» Task description
Reproduce exactly the span of lines beginning at the one with "Strange arbor under" and ending at the last line of the data below, omitting pictures.

» Given data
■ ■ ■ ■ ■ ■ ■
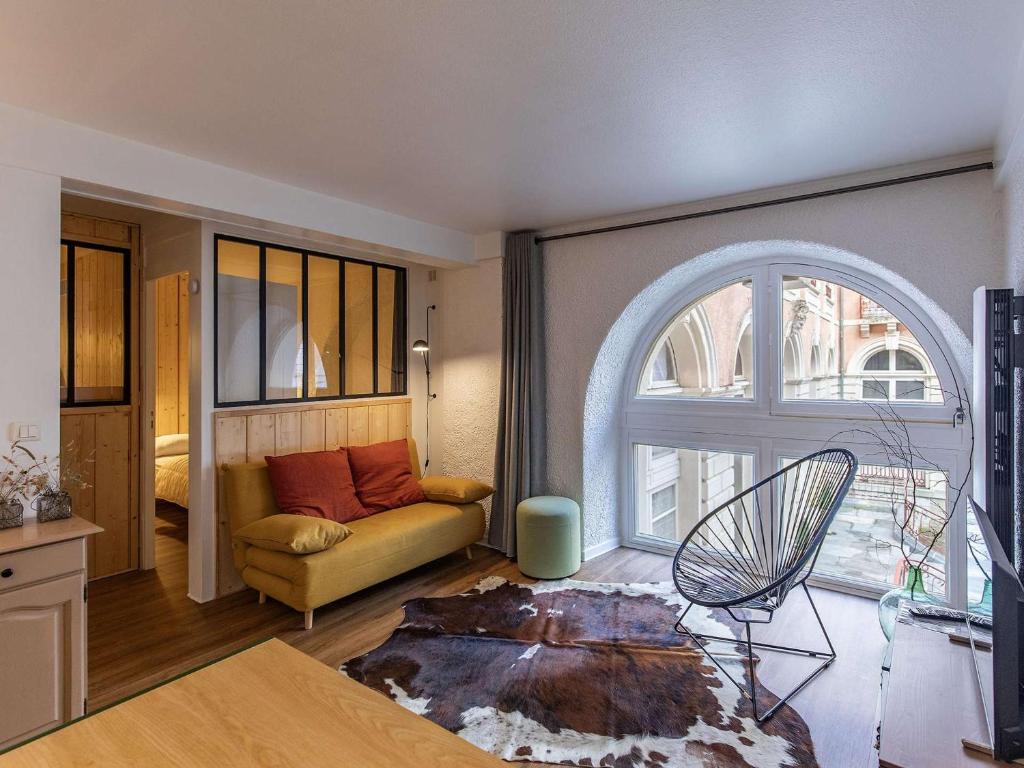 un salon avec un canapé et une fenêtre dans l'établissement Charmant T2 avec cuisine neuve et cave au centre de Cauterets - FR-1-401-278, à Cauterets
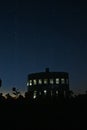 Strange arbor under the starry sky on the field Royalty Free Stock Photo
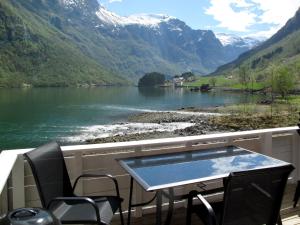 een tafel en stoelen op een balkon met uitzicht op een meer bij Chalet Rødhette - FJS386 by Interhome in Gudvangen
■ ■ ■ ■ ■ ■ ■
» Reply
 Strange arbor under the starry sky on the field Royalty Free Stock Photo
 een tafel en stoelen op een balkon met uitzicht op een meer bij Chalet Rødhette - FJS386 by Interhome in Gudvangen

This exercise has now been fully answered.